The most important part of your website is your content, but how that content is accessible is just as crucial. If your users can’t readily find what they are looking for, then they will leave your site and never come back. Every site has some sort of navigation. Whether it is a fancy Flash menu system with rollover effects going across the header or simple text links running down the sidebar, you have to have navigation.
How your internal pages link together outside of the navigation or footer links is extremely important for SEO as well as usability. For now I am concerned with SEO, but if you are interested in linking for usability read: Website Usability and Link Navigation. The search engine spiders follow the links within your content as well as the links within your navigation and footer. In fact it is the content links that are of more importance, especially on the home page.
A website and its pages are broken down into tiers. The top tier pages are your home page and any pages that are linked directly from it. The second tier pages are linked from pages other than your home page. For instance if you have a link from your home page to your services page, and from services you link to the individual pages that explain your different offerings, those sub pages are second tier. Those pages that are not linked to the home page, but only to your service page are third tier pages. If you have sub-pages under the different individual services those would be fourth tier pages and so on.
The importance of Pass Through Ratio
The pass through ratio is broken down into 2 types:
1. Domain Pass Through – the carry over of page rank to pages linked from overall website elements such as footers and navigation.
2. Page Pass Through – the carry over of authority and page rank from one page (or tier) to another.

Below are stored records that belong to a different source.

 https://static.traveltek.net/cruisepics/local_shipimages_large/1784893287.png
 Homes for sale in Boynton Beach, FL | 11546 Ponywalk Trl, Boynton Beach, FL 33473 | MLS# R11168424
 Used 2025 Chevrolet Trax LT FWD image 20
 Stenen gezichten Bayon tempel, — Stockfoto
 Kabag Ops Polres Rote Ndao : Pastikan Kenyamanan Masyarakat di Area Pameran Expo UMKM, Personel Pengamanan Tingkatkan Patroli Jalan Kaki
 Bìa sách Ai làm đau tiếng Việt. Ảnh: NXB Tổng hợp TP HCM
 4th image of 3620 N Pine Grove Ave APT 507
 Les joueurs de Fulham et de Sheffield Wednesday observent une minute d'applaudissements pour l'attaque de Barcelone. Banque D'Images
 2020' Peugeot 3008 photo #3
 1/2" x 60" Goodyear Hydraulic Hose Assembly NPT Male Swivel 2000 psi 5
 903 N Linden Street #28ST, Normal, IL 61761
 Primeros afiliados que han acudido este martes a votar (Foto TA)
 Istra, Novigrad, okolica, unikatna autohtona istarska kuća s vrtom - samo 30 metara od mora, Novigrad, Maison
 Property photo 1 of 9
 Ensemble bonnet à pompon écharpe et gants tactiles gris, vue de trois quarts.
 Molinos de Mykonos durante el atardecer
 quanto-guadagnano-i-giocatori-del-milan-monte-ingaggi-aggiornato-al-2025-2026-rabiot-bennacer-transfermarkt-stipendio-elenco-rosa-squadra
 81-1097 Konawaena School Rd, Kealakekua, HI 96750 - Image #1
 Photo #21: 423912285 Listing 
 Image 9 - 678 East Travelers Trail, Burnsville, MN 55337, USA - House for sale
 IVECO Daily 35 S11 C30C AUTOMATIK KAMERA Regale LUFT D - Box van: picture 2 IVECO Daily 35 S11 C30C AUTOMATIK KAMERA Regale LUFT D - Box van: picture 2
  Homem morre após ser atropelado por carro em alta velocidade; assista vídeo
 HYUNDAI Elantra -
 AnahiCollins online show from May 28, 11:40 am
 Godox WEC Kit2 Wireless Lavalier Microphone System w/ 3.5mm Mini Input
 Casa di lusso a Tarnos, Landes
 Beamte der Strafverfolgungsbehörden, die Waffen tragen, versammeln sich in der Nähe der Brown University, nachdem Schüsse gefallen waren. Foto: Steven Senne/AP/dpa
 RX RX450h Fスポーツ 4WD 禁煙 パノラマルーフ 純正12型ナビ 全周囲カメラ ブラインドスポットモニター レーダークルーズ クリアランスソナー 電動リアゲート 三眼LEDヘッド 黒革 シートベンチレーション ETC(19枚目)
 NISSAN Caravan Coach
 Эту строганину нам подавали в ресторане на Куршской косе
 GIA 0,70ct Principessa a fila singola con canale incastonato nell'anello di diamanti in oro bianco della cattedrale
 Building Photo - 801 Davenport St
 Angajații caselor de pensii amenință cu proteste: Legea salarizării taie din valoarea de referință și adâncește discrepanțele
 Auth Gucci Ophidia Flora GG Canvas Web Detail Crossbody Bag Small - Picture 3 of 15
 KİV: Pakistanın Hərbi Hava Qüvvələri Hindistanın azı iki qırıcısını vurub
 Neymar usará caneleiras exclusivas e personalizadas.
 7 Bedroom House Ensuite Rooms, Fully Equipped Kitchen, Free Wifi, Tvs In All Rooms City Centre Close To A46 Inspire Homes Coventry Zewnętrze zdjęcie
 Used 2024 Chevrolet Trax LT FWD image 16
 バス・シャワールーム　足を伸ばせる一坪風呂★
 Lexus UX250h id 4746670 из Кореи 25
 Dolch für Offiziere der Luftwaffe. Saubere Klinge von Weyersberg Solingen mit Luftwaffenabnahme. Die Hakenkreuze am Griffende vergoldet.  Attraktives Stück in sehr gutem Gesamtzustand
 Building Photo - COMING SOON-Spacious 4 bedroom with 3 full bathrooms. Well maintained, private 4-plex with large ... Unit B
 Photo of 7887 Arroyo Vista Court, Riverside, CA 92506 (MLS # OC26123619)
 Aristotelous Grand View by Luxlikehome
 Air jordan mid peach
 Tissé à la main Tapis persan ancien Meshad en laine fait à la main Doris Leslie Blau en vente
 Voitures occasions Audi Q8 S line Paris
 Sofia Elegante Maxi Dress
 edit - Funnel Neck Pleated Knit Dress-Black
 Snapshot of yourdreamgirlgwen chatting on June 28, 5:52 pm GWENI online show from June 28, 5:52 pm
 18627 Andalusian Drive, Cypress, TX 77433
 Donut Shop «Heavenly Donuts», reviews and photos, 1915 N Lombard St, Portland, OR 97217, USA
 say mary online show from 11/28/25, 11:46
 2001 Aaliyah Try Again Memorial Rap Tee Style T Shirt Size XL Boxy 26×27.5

When you are first developing a website drawing out your site linking structure is one of the most overlooked facet of design. You must plan your internal linking carefully to not water down your top tier pages. Too many outbound links on a page (even internal links) will take away its authority and ability to score higher page rank.
More importantly, on an existing website, the addition of new pages and their ability to rank in search engines depends on pass through. Top tier pages that need to also support pages under them must have outside linking to them directly for them to be able to pass on their authority.
When obtaining inbound links whether you do reciprocal link exchange or buy links from a broker make sure to also get links for your internal pages. That is the most important aspect of pass through, the weight of the internal tier pages.